Gross’s claim to ownership of the Property stems from his purported rescission of the Loan in July 2007 which, in his view, led to rescission of the DOT by operation of law. We conclude that Gross could not rely on TILA to rescind the Loan or on an alleged oral promise from a Bank officer. Moreover, he did not tender his debt if he wished to rescind under state law. As a result, there is no legal basis for Gross to claim that the instruments are void and must be canceled to avoid serious injury.

Gross relies on a rescission notice attached to his HELOC. He invoked it in July 2007, days after obtaining the Loan and the HELOC. The right to cancel the HELOC arises under federal law, specifically, TILA. (15 U.S.C.S. § 1601 et seq.) Gross’s pleadings alleged that the Bank’s failure “to honor the rescission demand . . . was a TILA violation.” TILA allows rescission “to protect borrowers.

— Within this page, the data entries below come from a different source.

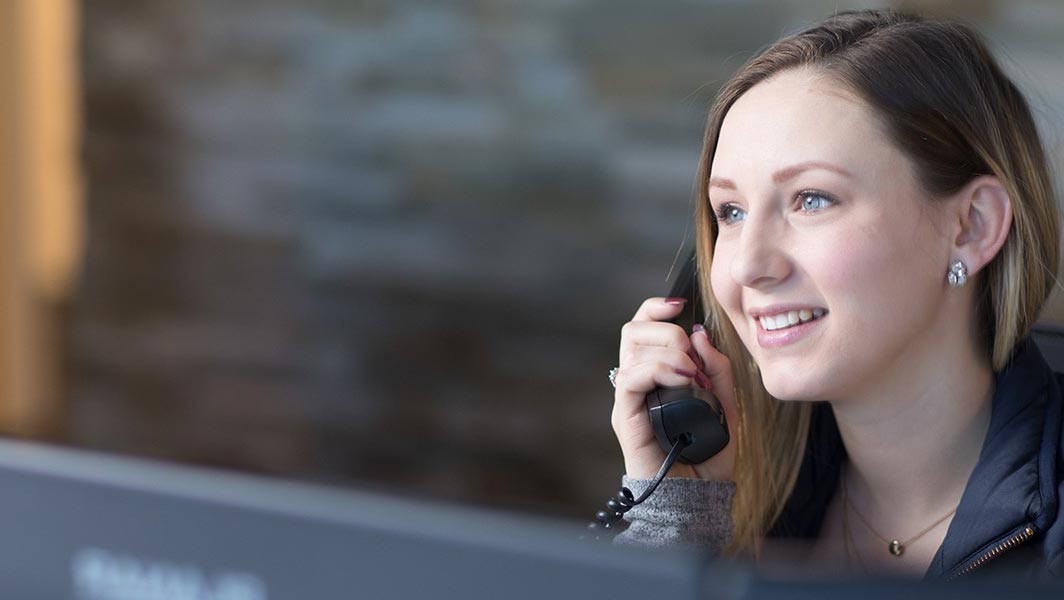 A friendly woman speaking on a telephone, smiling while seated at a desk, with a blurred background and warm lighting creating a professional yet approachable setting.
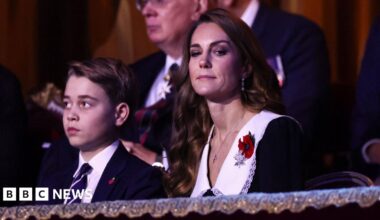 Prince George, Princess Catherine, King Charles and Queen Camilla are pictured sat in the front row of a royal box.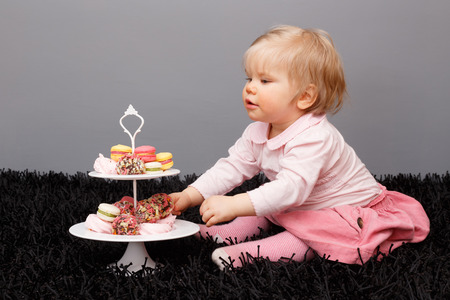 Little girl and sweetsの写真素材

It is not meant to provide borrowers with a free house or other financial windfall,” which is why rescission is conditioned “on the borrower’s tender of the loan proceeds to the lender.” (Palmer v. Ameribanq Mortg. Group (E.D. PA 2010) 2010 U.S. Dist. LEXIS 107340, 62.)

Gross’s pleading acknowledges that he did “not receive[ ] a Right to Rescind addendum to his main purchase money loan.” There is a good reason why the Loan did not have a right to rescind addendum. Simply put, TILA’s rescission rights do not apply to residential purchase money loans like the one that Gross attempted to cancel. (15 U.S.C.S. §§ 1602(x), 1635(a), (e)(1); Williams v. Homestake Mortgage Company (11th Cir. 1992) 968 F.2d 1137, 1139, fn. 5.) We cannot reasonably construe the Loan as incorporating a notice attached to a different contract. Gross had no right to rescind the Loan under TILA.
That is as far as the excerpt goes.